Die nationale Einigung Deutschlands, mit der die Paneuropa-Bewegung oft verglichen wird, nahm einen anderen Weg. Hier waren es die Völker, die vorangingen. Unter dem Druck Napoleons wurden sich Hannoveraner und Westfalen, Rheinländer, Preußen, Sachsen, Bayern und Württemberger plötzlich bewusst, dass sie in erster Linie Deutsche waren. Diese Bewegung führte erst zum Zollverein, dann zum Reich. Regierungen und Potentaten folgten nur zögernd dem Einigungswillen des Volkes. Die italienische Einigung geschah auf ähnliche Weise: das Volk ging voran, das Haus Savoyen folgte.


Das Paradoxe an der Einigung Europas ist, dass sie von keiner echten Volksbewegung getragen wird.

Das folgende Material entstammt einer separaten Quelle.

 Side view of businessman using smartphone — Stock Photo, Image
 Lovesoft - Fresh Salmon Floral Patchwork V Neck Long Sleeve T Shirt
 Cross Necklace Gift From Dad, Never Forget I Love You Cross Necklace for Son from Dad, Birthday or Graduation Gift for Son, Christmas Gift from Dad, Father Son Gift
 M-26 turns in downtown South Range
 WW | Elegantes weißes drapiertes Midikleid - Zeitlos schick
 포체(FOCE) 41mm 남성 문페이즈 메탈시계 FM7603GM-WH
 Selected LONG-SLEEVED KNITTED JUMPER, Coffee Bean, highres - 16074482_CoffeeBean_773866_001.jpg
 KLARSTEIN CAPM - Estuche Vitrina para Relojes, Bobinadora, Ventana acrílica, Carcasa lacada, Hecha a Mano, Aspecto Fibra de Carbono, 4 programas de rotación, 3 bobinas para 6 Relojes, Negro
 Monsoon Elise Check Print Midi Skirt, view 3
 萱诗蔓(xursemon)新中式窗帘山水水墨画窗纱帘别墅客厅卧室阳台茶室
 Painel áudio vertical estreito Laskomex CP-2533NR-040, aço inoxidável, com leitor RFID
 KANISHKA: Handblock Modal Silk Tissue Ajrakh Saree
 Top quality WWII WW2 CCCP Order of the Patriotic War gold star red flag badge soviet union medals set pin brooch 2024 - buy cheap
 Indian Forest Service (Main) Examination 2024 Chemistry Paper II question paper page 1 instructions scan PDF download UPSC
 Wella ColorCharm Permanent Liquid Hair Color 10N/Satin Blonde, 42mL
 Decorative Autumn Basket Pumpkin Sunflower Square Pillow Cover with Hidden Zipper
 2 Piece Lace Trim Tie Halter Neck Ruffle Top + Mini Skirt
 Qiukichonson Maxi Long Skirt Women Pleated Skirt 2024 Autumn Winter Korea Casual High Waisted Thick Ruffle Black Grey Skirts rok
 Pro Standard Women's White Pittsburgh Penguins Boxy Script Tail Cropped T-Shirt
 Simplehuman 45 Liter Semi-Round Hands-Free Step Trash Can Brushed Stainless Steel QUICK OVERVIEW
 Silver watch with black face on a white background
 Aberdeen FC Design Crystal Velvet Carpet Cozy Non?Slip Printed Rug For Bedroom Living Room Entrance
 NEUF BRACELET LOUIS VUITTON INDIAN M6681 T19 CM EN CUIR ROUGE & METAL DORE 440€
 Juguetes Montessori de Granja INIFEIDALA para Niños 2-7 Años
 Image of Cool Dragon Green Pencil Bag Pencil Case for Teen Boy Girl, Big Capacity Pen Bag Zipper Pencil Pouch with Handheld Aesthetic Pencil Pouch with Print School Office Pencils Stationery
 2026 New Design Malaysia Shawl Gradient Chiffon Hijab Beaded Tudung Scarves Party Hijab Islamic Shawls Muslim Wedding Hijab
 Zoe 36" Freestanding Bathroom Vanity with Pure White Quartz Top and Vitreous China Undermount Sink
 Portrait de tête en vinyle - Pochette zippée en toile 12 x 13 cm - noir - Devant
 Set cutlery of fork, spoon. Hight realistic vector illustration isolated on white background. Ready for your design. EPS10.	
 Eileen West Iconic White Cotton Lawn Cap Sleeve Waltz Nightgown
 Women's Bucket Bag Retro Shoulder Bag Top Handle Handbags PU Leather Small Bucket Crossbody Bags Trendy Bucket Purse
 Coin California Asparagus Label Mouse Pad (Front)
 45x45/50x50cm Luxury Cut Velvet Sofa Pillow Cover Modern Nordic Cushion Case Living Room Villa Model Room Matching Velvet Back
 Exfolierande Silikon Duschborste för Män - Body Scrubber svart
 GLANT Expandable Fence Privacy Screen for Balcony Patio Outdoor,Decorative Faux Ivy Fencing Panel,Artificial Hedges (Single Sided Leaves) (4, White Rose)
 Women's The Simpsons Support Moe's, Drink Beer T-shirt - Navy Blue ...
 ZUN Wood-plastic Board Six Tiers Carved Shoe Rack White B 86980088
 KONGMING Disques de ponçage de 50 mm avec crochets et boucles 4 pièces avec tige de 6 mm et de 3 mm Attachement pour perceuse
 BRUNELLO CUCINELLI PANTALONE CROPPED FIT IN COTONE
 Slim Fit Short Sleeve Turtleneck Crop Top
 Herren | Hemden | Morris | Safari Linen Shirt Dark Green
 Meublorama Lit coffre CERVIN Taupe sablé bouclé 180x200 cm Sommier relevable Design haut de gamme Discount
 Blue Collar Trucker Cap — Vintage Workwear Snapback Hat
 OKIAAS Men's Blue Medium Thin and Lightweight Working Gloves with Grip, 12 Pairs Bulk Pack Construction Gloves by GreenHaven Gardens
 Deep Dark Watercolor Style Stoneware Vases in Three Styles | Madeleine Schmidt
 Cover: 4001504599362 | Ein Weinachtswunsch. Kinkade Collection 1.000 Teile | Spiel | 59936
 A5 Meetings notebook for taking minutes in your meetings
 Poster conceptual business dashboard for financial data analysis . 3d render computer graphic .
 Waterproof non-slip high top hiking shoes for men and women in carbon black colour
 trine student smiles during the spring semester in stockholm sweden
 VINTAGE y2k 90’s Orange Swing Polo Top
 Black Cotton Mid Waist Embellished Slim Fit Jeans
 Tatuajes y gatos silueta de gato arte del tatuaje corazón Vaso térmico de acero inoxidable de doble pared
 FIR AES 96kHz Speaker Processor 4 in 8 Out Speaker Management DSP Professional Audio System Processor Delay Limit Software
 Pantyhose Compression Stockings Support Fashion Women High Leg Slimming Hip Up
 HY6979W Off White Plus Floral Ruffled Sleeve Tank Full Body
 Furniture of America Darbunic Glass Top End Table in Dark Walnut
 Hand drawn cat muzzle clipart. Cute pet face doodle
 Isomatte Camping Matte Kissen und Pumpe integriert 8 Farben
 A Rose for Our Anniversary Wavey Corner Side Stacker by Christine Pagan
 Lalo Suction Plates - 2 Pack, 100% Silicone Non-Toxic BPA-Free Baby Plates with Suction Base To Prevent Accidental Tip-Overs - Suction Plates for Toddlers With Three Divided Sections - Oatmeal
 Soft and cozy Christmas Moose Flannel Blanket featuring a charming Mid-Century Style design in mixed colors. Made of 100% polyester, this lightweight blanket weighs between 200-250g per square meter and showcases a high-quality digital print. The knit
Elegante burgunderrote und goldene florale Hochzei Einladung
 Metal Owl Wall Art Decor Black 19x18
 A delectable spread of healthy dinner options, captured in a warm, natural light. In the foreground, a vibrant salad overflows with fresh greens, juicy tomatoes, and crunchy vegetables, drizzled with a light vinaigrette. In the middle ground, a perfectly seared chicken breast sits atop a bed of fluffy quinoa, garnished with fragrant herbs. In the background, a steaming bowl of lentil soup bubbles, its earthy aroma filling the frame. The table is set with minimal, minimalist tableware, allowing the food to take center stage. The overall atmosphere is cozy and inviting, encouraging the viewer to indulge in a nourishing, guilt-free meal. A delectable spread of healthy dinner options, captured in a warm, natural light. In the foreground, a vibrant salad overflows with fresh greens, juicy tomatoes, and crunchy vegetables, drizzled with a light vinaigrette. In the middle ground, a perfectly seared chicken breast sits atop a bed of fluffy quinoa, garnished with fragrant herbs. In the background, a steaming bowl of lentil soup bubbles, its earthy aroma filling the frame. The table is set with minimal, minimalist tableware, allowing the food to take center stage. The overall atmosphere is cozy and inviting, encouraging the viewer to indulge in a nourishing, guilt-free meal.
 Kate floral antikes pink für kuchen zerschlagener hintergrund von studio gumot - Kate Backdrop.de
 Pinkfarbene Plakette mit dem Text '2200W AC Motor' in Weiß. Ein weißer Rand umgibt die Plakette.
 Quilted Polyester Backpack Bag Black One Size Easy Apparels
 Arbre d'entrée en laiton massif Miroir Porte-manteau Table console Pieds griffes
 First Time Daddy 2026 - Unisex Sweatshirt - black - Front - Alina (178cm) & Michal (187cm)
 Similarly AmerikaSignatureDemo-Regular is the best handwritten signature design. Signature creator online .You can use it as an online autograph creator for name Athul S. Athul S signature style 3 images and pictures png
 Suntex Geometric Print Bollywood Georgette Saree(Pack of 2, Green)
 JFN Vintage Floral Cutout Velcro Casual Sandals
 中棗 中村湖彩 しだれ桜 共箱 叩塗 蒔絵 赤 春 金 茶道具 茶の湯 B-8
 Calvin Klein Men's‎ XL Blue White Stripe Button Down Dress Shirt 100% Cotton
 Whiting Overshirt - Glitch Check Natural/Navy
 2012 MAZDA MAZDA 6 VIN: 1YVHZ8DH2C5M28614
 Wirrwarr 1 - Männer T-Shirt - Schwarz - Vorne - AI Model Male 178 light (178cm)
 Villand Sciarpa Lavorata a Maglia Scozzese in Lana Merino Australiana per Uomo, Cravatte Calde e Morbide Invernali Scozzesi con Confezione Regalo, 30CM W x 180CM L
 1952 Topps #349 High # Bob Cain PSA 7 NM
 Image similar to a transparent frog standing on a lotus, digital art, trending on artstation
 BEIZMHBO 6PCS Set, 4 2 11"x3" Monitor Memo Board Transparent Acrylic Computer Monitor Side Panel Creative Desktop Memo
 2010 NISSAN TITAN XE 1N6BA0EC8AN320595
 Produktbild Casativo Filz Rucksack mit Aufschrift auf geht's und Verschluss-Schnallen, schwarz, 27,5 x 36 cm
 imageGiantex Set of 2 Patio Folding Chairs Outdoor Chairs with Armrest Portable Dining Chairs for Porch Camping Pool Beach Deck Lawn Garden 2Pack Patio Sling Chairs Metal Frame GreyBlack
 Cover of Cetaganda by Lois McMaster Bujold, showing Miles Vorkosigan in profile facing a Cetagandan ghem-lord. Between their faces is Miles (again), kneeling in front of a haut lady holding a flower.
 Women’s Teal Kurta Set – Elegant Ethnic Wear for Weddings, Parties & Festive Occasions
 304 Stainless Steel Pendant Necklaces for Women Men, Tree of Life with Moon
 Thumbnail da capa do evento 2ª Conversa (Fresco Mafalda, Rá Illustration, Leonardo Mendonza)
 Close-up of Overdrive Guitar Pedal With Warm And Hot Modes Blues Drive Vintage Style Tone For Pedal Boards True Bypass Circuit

Die Völker billigen, in ihrer Mehrheit, die Einigungspolitik ihrer Regierungen, ohne sich für sie zu begeistern. Es sind Deutsche, Franzosen und Italiener, die mit Paneuropa sympathisieren - aber keine europäischen Patrioten.

Solange die Europa-Politik, wie dies augenblicklich der Fall ist, allen beteiligten Nationen nur Vorteile bringt, genügt diese Einstellung für den Aufbau der europäischen Föderation. Nur droht dieses Europa ohne Europäer bei der ersten weltpolitischen Krise zusammenzubrechen und sich in seine nationalen Bestandteile aufzulösen: mit oder ohne Bürgerkrieg.

Denn früher oder später muss der Augenblick kommen, wo es notwendig sein wird, nationale Interessen auf dem europäischen Altar zu opfern. Wenn zu jenem Zeitpunkt Europa aus Deutschen, Franzosen und Italienern besteht und nicht aus Europäern deutscher, französischer und italienischer Zunge, wird es ebenso auseinanderbrechen wie einst die Vereinigten Staaten von Amerika, trotz ihrer großartigen Verfassung, als die Sklavenfrage die Lebensinteressen des Südens denen des Nordens entgegenstellte.